Title
AWS re:Invent 2022 - Scaling data processing w/Amazon EMR at the speed of market volatility (ANT338)
Summary
- Meenakshi Ponchankaran, a senior big data architect at AWS, and Sampath Kumar Velasamy, director of technology at FINRA, discuss scaling Amazon EMR to handle market volatility.
- FINRA processes over 600 billion records daily, with a storage footprint of over 500 petabytes in their data lake, creating over 9,000 clusters daily.
- The Consolidated Audit Trail (CAT) system, built by FINRA, helps regulators track market activities and analyze market manipulations.
- CAT faces challenges in performance, resiliency, scalability, and cost due to unpredictable data volumes and complex applications.
- FINRA implemented a progressive architecture, upgraded to Spark 3.1, optimized Spark Shuffle with NVMe-based instances, and improved resiliency with checkpointing and restarts.
- Infrastructure optimizations included migrating to Graviton instances, leveraging on-demand capacity reservations, and managing S3 throughput.
- Cost optimizations were achieved through Graviton migration, instance type diversification, and better scheduling of workloads.
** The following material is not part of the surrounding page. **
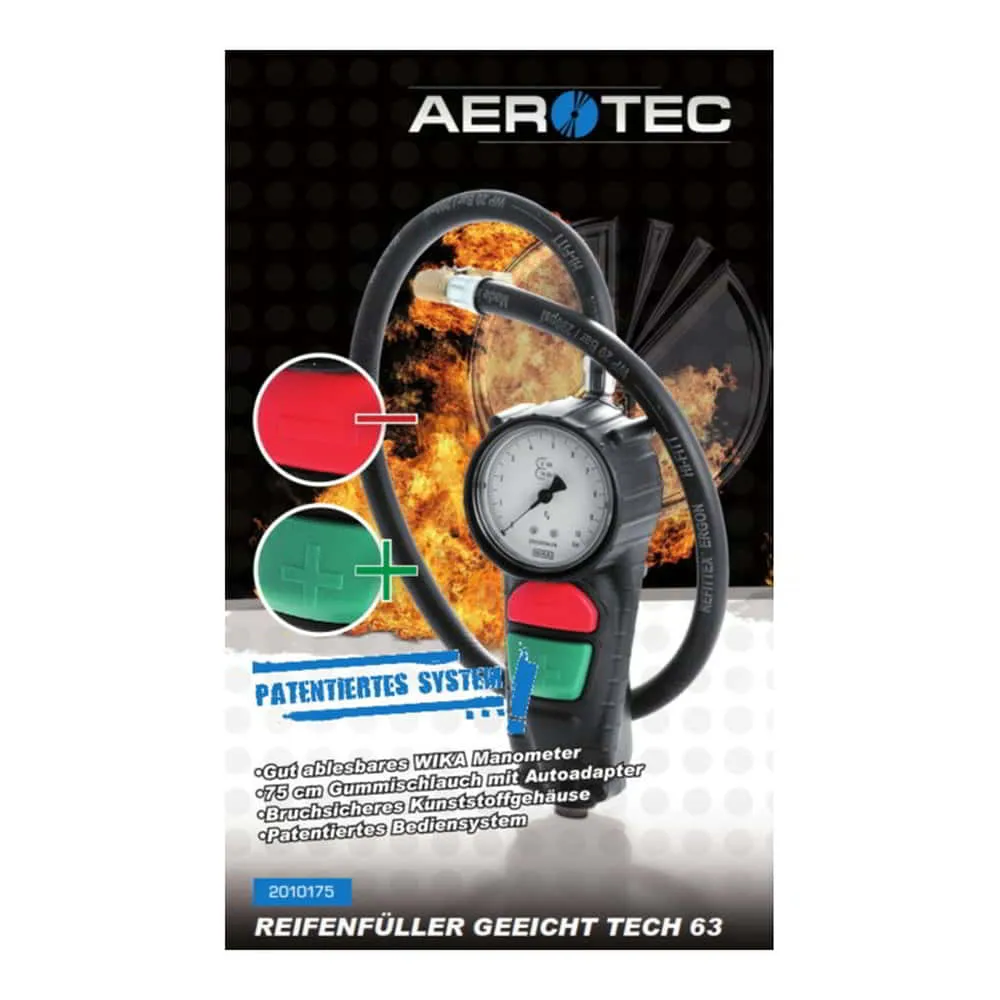 AEROTEC ręczna pompka do opon TECH 63 skalibrowana, z wtyczką dynamometryczną ( 4000898847 )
- Future considerations include evaluating EMR on EKS, EMR Serverless, Apache Iceberg, Graviton 3, EBS GP3 volumes, and Apache Spark 3.2.
Insights
- Progressive architecture, where data is processed in batches before peak hours, can significantly reduce processing time during critical periods.
- Regular software upgrades can leverage performance improvements and bug fixes in newer versions.
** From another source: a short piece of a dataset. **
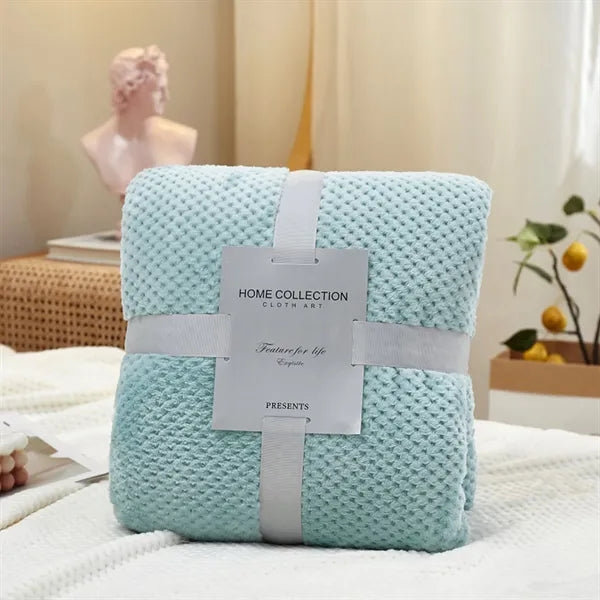 Lattice Flannel Plush Fleece Blanket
- NVMe-based instances can provide better IOPS for shuffle-intensive Spark applications, leading to performance gains.
- Checkpointing and automatic restarts are crucial for maintaining resiliency in applications with tight SLAs.
- Choosing the right instance type and optimizing configurations can mitigate the impact of underperforming hardware.
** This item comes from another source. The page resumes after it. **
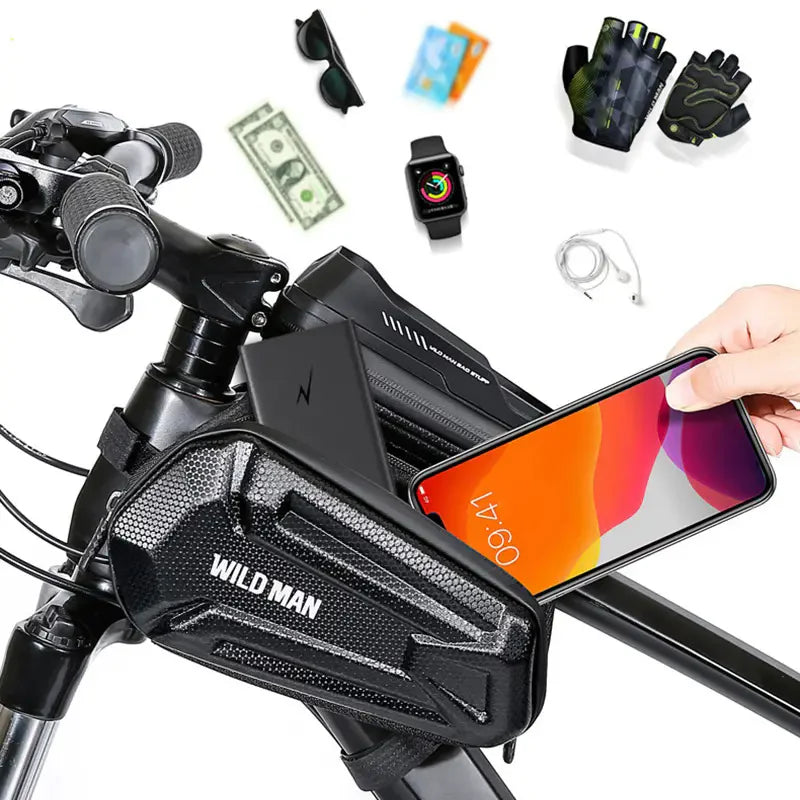 OutdoorHaven - 3-i-1 cykeltaske - Telefonholder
- Managing S3 throughput and partitioning can address scalability challenges caused by high concurrency and throughput demands.
- On-demand capacity reservations and targeted ODCR can ensure capacity availability for critical workloads.
- Diversifying instance types in EMR fleet configurations can improve spot capacity availability and reduce costs.
- Continuous performance engineering and optimization are essential for applications that need to scale with increasing data volumes.